Saved data entries
------------------------------

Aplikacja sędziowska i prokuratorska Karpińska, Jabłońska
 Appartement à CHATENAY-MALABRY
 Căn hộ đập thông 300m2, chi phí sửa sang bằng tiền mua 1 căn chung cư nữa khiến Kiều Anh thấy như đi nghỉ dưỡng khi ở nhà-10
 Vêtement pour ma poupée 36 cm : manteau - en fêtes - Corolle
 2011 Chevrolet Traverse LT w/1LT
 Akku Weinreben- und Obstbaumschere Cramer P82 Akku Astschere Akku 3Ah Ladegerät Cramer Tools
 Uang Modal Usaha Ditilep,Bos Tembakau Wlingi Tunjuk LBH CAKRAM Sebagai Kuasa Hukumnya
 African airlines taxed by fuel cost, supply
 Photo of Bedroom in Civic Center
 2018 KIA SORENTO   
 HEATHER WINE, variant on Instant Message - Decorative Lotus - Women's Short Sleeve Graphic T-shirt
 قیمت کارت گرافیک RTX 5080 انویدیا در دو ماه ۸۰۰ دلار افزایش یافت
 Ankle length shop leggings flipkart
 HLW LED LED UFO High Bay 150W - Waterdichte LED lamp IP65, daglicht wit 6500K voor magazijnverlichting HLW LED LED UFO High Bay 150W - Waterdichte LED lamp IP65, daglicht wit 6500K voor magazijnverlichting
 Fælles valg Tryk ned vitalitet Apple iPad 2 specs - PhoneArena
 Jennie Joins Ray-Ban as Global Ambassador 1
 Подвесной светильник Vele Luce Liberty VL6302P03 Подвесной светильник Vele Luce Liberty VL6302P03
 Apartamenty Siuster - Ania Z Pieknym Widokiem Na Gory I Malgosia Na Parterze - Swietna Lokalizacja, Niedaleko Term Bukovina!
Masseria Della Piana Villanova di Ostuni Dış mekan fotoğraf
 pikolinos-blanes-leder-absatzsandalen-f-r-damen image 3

------------------------------

• WHAT TO WORK ON: Above are the records. Print exactly, and only, the lines from the line with "Căn hộ đập thông" to the line with "HEATHER WINE, variant", both inclusive.

• WRITTEN SOLUTION:
 Căn hộ đập thông 300m2, chi phí sửa sang bằng tiền mua 1 căn chung cư nữa khiến Kiều Anh thấy như đi nghỉ dưỡng khi ở nhà-10
 Vêtement pour ma poupée 36 cm : manteau - en fêtes - Corolle
 2011 Chevrolet Traverse LT w/1LT
 Akku Weinreben- und Obstbaumschere Cramer P82 Akku Astschere Akku 3Ah Ladegerät Cramer Tools
 Uang Modal Usaha Ditilep,Bos Tembakau Wlingi Tunjuk LBH CAKRAM Sebagai Kuasa Hukumnya
 African airlines taxed by fuel cost, supply
 Photo of Bedroom in Civic Center
 2018 KIA SORENTO   
 HEATHER WINE, variant on Instant Message - Decorative Lotus - Women's Short Sleeve Graphic T-shirt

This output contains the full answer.